Mickaël MénagerInflammatory responses and transcriptomic networks in diseases - Institut Imagine / Université de Paris.
Mes recherches
I am the lab director of the “Inflammatory responses and transcriptomic networks in diseases” Team and Researcher (CRCN, 2017) at the French National Institute of Health and Medical Research (Inserm). In 2016, I am the laureate of the ATIP-Avenir call with a project aiming at better understanding the interactions between HIV-1 and dendritic cells. The same year, I am also becoming a group leader at the Imagine Institute to explore the complexity of the innate immune response and autoinflammation by combining single-cell transcriptomic and chromatin accessibility experiments with machine learning computational biology tools. I obtained my PhD with Geneviève de St-Basile at the Necker Hospital in 2008 before joining, as Postdoctoral Fellow for 7 years, Dan Littman’s laboratory at the Skirball Institute, NYU School of Medicine, USA. Since the ATIP-Avenir, I received, amongst others supports, the Janssen Horizon Grant (2017), the Emergence Ville de Paris grant (2018) and the Sanofi European iAwards (2018). I am also group leader of several work packages of the ATRACTion RHU4 project (recently financed by the ANR), where in collaboration with several academic and industrial partners, we will use single-cell OMICs coupled with machine-learning based analyses to better stratify, diagnose and discover new treatments for patients suffering from rare genetic autoimmune/autoinflammatory diseases.
Mon projet ATIP-Avenir
Understanding the molecular and cellular biology behind the interactions between viruses and Dendritic cells.
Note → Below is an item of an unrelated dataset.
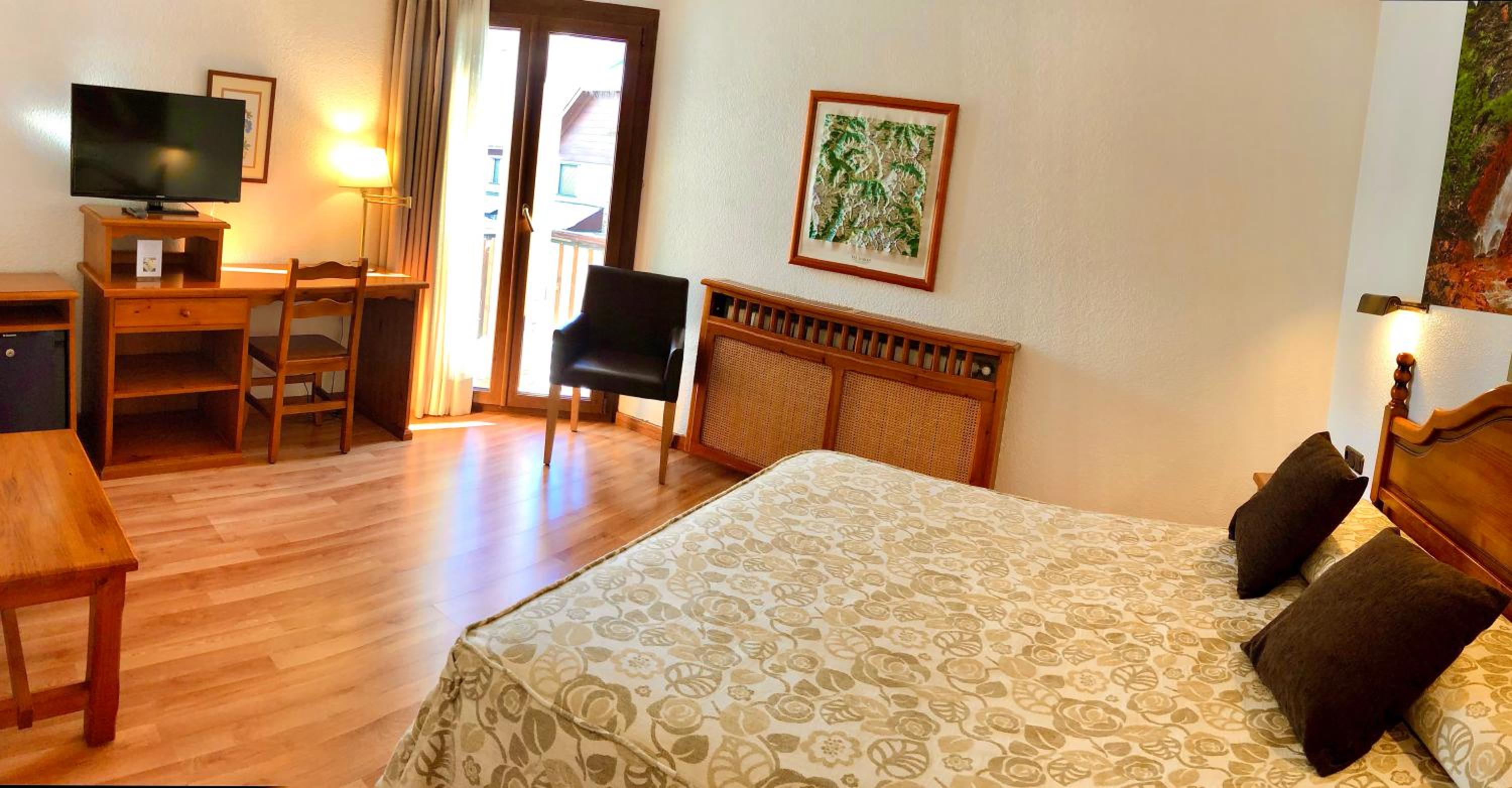 Double or Twin Room photo 3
Dendritic cells (DCs) bridge innate and adaptive immunity. They are present, in an immature state, in organs and mucosal tissues. They may sequentially: engulf elements from their environment; sense engulfed pathogens, which may trigger inflammatory cytokine secretion and their maturation; migrate to lymph nodes and present antigens to T lymphocytes. Although DCs are relatively resistant to infection by HIV-1, they are able to enhance CD4+ T cell infection in a processed termed trans-infection. By doing that, HIV-1 may evade, at least in part, the first line of defense of the immune system, exploiting DCs instead to facilitate rapid infection of a large pool of immune cells. Here, we seek to investigate the crosstalk between DC maturation, actin nucleation, interferon production (IFN) and Tspan7 to better understand mechanisms of HIV transfer from DC to T cells. Transcriptional programming of the innate immune response to HIV is pivotal for host protection. During infection with HIV-1, human dendritic cells (DCs) can detect the virus through an innate sensing pathway leading to antiviral interferon and DC maturation. We also developed an iterative experimental and computational approach to map the innate response circuitry during HIV-1 infection in monocyte-derived DCs (MDDCs).